Originally I planned to use a "data pump" feature built in SQLcl - but I couldn't find a way to change data in columns in the exported file.

That's why I chose Oracle's expdp and impdp tools.

My example.

In my case, I'm moving data from PROD schema to the TEST schema.

  • PROD schema has 50 various objects. The TEST schema is empty.

  • I want to export only one table called CUSTOMERS from schema PROD

  • My table PROD.CUSTOMERS have column VALUE. This is sensitive data.
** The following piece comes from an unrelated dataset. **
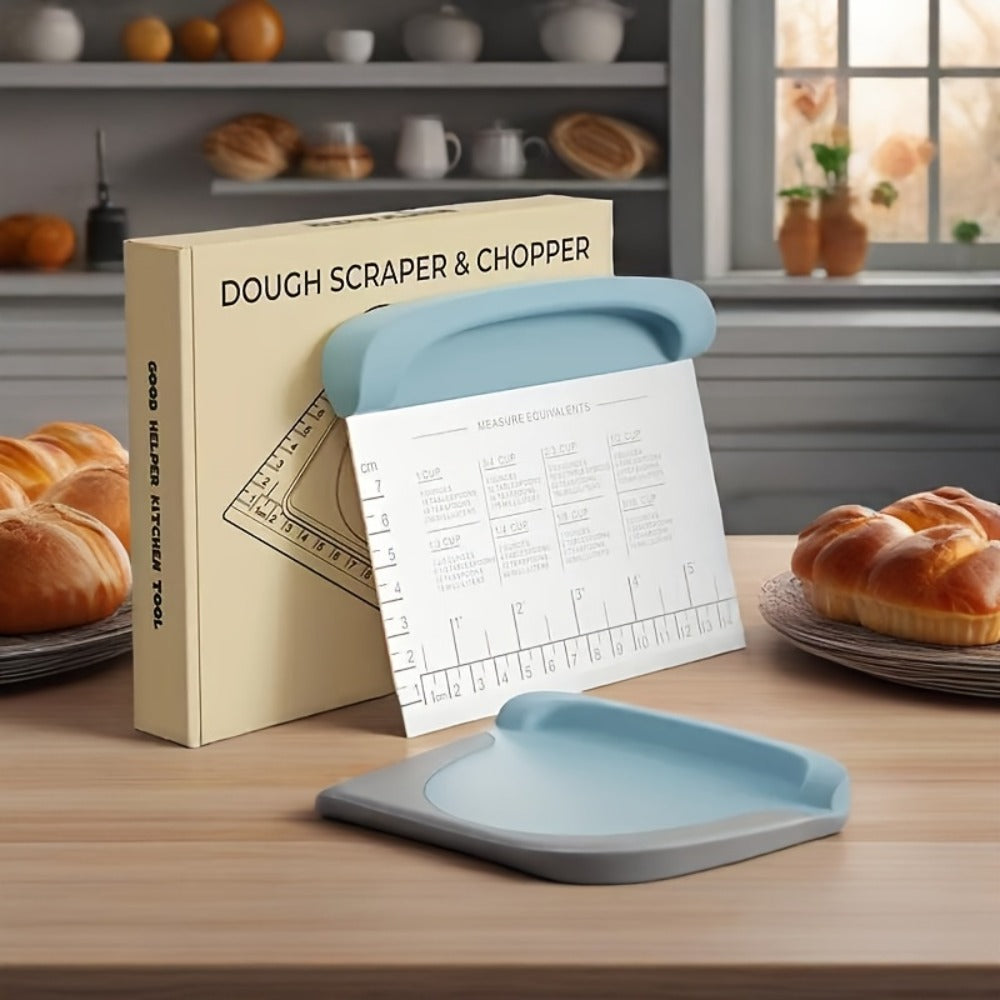 Dough Scraper Bench Scraper - Stainless Steel Dough Cutter with Silicone Handle & Measuring Scale, Multipurpose Pastry Scraper Pizza Spatula Baking Tool, Kitchen Gadget Gift, Blue Grey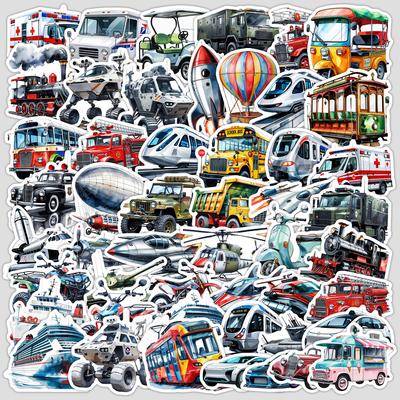 50 Pictures of Non-repeating Transportation Graffiti Stickers Notebook Scooter Suitcase Waterproof Decorative Stickers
I want this value to be changed to 999 for all rows.

  • All objects beside PROD.CUSTOMERS shouldn't be included in my export file

Create a directory to store exported schema.

--use SYS for that
sql sys/*****@localhost:1521/xepdb1 as sysdba

/*select * from all_directories;*/
CREATE OR REPLACE DIRECTORY DATA_PUMP_DIR AS '/opt/oracle/admin/XE/dpdump/your_data';

Add grants for your dedicated user.

I previously created EXP_IMP_USER (user is up to you), so it can export and import data.

grant DATAPUMP_EXP_FULL_DATABASE to EXP_IMP_USER;
grant DATAPUMP_IMP_FULL_DATABASE to EXP_IMP_USER;
GRANT READ, WRITE ON DIRECTORY DATA_PUMP_DIR TO EXP_IMP_USER;

Create stored logic to change data in the VALUE column

I created this package on my EXP_IMP_USER schema (thanks for this article by Ronald)

CREATE OR REPLACE PACKAGE remove_data AUTHID CURRENT_USER
AS
  FUNCTION changed_number(old_number IN NUMBER) RETURN NUMBER;
END remove_data;
/

CREATE OR REPLACE PACKAGE BODY remove_data AS

FUNCTION changed_number(old_number IN NUMBER) RETURN NUMBER
IS
BEGIN
   RETURN 999;
END;

END remove_data;
/

Prepare parfile. Use REMAP_DATA.

Create a parameter file called parfile.txt. It is needed to store all the logic and magic to change sensitive data in the export file.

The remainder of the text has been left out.